More flying rabbits and dragons

From: Alastair Malcolm <amalcolm.domain.name.hidden>
Date: Sat, 16 Oct 1999 09:03:17 +0100

I would be interested to know if anyone can find any problems with the following new solution to the much discussed flying rabbit problem (discussed below as the dragon universe problem). Here the measure is initially based on the symbols comprising the formal systems which include the mathematical structures specifying universes (as in Tegmark's paper).

The starting point is all possible symbol strings containing all possible symbols. Now, bearing in mind that any symbol can have any interpretation, we can start to select those strings which contain symbols that can be interpreted in their entirety as well-formed formulae (wff's). Of these we can select those which comprise mutually consistent axioms (both directly, and after taking into account derived theorems via standard rules of inference), connected by an 'AND' (that is, a string of the form 'Axiom1 AND Axiom2 AND ...'). We can also strike out any cases of duplicate axioms.

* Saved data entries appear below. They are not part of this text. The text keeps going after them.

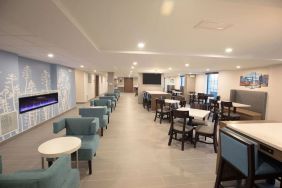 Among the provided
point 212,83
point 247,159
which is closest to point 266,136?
point 247,159

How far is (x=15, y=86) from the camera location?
3.90m

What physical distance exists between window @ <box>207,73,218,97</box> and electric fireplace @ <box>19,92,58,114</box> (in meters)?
8.59

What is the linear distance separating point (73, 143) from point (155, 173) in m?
1.35

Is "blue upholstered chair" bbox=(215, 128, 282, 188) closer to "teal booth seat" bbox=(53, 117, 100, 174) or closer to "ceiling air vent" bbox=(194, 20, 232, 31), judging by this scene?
"ceiling air vent" bbox=(194, 20, 232, 31)

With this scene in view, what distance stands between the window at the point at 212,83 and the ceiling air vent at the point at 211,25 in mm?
8147

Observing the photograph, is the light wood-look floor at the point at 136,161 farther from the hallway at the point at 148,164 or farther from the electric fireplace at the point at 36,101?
the electric fireplace at the point at 36,101

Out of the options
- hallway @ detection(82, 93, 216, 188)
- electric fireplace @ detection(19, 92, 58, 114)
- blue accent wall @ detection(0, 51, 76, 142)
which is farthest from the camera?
electric fireplace @ detection(19, 92, 58, 114)

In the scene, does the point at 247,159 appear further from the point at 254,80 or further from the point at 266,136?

We now have a list of symbol strings that are interpretable as axiom sets of all possible consistent theories (theorem sets). Since all axioms are representable by an (anthropically unbiassed) subset of all possible combinations of symbols, then we should not lose generality by scaling up our measure from symbols to axioms. Now, since the axioms for a TOE completely specify our universe (and perhaps others), it is clear we cannot just add extra axioms to specify a dragon event, because that would lead to an inconsistency (theorems derivable from the TOE would specify a non-dragon event at that time and place). However it is possible to have a set of axioms that would specify the path of our visible universe, but with a visible dragon event - a dragon universe theory; this would have to be represented by a much longer axiom string than the TOE set.

Now, as an extreme approximation (all that is necessary here), we can say that our TOE requires n axioms, the dragon universe 2n axioms. In comparing all possible theories containing a finite number of axioms, then it is reasonable to suppose that occurences of TOE's will vastly outnumber dragon universe theories, once functionless axioms are taken into consideration: consider all strings up to m axioms in length, for large finite m; there will be n more surplus axioms for the TOE than for the dragon universe theory (m-n as opposed to m-2n), and so bearing in mind that each axiom can contain an infinite variety and number of different symbols, and that each axiom (functionless or not, participating in the specification of another universe or not), contributes to the measure, then there will be far more combinations of m axioms that include our TOE than is the case for dragon universe theories, with the result that we are far more likely to be in a simpler (TOE-based) universe - dragon universes are not more probable.

(Two further points here: firstly, the outnumbering of dragon universes is maintained as m increases to infinity - simply take a finite random sample; secondly, if one wishes to take into consideration all possible paranormal events, one also needs to take into consideration the much larger number of equal-axiom-number theories that specify our universe, but with invisible paranormal events, events in other universes and so on - these will vastly outnumber visible-paranormal-event theories.)